Langkah politiknya dimulai ketika bergabung dengan PDI-P. Sejak 2004, Ribka dipercaya duduk di kursi DPR RI, mewakili Jawa Barat III dan IV (Kabupaten serta Kota Sukabumi). Ia kemudian mencapai puncak karier politiknya pada periode 2009–2014, ketika menjabat sebagai Ketua Komisi IX DPR RI yang membidangi kesehatan, ketenagakerjaan, dan kependudukan.

Dalam masa kepemimpinannya, Ribka dikenal dengan gaya bicara lugas dan tanpa kompromi.
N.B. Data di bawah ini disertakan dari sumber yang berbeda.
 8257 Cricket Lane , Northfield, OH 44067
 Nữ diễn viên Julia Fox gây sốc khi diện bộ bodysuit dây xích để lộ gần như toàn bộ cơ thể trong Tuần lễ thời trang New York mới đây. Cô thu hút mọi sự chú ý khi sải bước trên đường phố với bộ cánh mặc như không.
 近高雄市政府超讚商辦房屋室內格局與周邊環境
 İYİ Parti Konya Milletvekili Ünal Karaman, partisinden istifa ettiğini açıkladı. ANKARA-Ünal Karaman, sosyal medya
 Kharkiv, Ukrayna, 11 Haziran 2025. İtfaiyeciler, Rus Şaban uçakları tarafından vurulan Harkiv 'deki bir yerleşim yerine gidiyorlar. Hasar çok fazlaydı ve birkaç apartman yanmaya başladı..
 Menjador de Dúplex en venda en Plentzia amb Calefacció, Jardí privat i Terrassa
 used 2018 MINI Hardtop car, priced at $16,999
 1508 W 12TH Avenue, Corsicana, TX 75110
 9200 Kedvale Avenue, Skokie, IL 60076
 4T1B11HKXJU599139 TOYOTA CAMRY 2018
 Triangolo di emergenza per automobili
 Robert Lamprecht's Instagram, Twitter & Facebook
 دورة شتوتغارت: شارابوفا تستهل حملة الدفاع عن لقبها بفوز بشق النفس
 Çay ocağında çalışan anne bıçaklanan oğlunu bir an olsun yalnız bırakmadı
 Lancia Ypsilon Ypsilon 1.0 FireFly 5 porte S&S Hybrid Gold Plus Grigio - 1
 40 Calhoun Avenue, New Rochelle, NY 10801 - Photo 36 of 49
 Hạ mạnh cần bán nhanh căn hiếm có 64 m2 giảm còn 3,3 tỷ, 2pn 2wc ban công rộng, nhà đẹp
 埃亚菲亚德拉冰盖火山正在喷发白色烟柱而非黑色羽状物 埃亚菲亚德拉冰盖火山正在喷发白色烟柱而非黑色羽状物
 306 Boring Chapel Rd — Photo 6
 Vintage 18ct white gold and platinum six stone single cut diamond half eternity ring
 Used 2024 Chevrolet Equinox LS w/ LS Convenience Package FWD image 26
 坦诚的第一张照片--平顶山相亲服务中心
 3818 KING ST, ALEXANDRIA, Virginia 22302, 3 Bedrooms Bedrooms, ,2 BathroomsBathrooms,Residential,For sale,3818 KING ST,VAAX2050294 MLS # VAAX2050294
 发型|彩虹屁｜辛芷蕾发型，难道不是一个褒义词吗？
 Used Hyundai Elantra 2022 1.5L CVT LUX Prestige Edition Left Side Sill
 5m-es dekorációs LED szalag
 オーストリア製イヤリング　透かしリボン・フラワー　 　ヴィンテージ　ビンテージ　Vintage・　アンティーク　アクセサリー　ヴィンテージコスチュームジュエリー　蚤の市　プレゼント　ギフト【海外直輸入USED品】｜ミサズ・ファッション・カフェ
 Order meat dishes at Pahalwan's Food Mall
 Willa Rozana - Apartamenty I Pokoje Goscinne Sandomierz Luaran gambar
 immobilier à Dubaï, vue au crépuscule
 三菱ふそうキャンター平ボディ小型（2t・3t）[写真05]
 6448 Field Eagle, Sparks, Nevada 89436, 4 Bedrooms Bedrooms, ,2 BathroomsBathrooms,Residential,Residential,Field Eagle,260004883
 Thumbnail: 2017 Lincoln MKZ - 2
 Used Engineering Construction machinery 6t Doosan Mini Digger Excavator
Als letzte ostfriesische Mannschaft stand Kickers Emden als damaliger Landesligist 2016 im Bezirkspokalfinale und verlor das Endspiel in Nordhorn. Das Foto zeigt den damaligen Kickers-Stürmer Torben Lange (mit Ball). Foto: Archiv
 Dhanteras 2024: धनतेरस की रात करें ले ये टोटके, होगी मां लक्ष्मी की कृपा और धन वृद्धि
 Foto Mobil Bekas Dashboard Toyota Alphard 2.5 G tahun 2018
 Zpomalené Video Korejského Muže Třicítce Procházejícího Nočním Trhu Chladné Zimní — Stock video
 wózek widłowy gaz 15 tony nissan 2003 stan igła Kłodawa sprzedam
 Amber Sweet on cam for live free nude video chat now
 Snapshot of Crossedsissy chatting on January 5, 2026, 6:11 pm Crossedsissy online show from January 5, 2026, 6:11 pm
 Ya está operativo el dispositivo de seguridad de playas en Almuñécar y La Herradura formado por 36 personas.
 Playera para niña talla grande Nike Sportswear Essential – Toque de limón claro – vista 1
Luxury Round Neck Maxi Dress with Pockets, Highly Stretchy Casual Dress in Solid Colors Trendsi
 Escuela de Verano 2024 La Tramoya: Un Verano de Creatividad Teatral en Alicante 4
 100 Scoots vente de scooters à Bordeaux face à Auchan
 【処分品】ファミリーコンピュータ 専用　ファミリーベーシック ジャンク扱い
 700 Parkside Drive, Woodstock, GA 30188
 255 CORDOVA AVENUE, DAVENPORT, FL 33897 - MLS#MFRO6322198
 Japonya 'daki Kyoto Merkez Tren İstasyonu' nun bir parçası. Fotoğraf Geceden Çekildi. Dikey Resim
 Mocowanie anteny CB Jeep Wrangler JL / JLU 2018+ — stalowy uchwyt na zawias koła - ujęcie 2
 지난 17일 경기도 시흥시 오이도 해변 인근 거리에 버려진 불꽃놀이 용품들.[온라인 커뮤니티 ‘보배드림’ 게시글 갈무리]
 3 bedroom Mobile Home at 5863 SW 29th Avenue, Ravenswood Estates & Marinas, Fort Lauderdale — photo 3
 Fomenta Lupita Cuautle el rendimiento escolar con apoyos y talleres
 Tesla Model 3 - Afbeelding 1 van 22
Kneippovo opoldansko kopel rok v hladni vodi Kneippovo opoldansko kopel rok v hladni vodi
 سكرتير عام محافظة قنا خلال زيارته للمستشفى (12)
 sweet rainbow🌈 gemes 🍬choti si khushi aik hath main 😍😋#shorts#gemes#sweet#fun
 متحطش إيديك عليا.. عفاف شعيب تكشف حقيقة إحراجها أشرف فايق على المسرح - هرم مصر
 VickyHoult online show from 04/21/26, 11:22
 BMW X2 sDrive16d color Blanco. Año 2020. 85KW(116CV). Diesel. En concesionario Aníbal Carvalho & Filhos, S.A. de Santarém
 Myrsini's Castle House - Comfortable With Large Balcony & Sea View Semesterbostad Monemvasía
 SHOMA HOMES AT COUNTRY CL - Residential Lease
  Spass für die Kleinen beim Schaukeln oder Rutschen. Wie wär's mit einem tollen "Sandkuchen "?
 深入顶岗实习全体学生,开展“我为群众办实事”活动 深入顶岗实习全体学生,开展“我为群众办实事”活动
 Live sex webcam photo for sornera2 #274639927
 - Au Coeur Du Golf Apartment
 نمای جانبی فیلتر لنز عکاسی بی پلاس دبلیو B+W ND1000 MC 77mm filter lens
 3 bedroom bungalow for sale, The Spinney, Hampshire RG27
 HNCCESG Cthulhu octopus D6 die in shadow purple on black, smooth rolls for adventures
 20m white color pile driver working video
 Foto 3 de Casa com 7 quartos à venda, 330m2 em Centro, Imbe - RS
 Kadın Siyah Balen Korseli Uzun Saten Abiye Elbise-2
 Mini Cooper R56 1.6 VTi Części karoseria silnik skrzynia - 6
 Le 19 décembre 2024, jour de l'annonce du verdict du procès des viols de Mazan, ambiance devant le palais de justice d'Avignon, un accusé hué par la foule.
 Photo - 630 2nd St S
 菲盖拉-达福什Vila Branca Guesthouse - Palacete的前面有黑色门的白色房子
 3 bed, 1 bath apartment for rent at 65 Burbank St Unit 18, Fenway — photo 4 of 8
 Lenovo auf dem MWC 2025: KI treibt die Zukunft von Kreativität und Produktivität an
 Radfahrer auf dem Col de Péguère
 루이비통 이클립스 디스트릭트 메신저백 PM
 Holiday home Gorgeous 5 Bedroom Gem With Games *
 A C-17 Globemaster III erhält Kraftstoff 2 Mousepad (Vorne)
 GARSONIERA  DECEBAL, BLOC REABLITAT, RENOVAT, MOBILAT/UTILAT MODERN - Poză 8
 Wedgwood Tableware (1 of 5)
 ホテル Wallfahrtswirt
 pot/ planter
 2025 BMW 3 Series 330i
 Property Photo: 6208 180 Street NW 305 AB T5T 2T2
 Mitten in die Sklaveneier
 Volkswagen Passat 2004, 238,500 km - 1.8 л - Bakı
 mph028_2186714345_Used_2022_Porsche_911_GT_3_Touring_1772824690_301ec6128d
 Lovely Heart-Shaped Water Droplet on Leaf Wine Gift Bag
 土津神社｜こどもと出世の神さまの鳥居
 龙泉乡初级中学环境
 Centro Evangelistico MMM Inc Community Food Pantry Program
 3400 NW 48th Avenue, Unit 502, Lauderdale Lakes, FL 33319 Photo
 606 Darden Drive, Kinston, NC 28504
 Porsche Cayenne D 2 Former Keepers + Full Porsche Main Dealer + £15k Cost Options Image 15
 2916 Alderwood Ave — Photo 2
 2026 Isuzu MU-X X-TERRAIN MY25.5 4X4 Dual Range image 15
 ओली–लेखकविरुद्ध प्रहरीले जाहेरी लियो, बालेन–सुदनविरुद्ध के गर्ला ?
Ia kerap bersuara lantang membela tenaga kesehatan, buruh, serta masyarakat kecil.

“Kalau bicara soal rakyat, saya tidak bisa diam. Itu sudah sumpah perjuangan saya,” tegasnya.

Meski demikian, perjalanan politik Ribka tidak lepas dari badai kontroversi. Ia sempat disorot publik setelah muncul polemik hilangnya Ayat (2) Pasal 113 dalam RUU Kesehatan tahun 2009. Akibatnya, Badan Kehormatan DPR kala itu sempat melarangnya memimpin rapat.

“Tuduhan itu bagian dari dinamika politik. Saya tidak gentar, karena yang saya perjuangkan adalah kebenaran,” ujarnya.

Walau sempat diterpa isu ketika namanya disebut-sebut sebagai calon Menteri Kesehatan Kabinet Joko Widodo – Jusuf Kalla, Ribka tetap teguh melanjutkan pengabdiannya di parlemen hingga 2024. Ia tercatat sebagai salah satu politisi perempuan paling konsisten memperjuangkan hak-hak rakyat kecil.

Kini, nama Ribka Tjiptaning bukan hanya lekat sebagai politisi senior PDI-P, tetapi juga dikenal sebagai “dokter rakyat” yang menyalakan semangat keberpihakan di tengah arus politik yang sering kali melupakan suara bawah.

“Selama napas masih ada, saya akan terus membela rakyat. Karena dari mereka saya lahir, untuk mereka pula saya berjuang,” pungkasnya.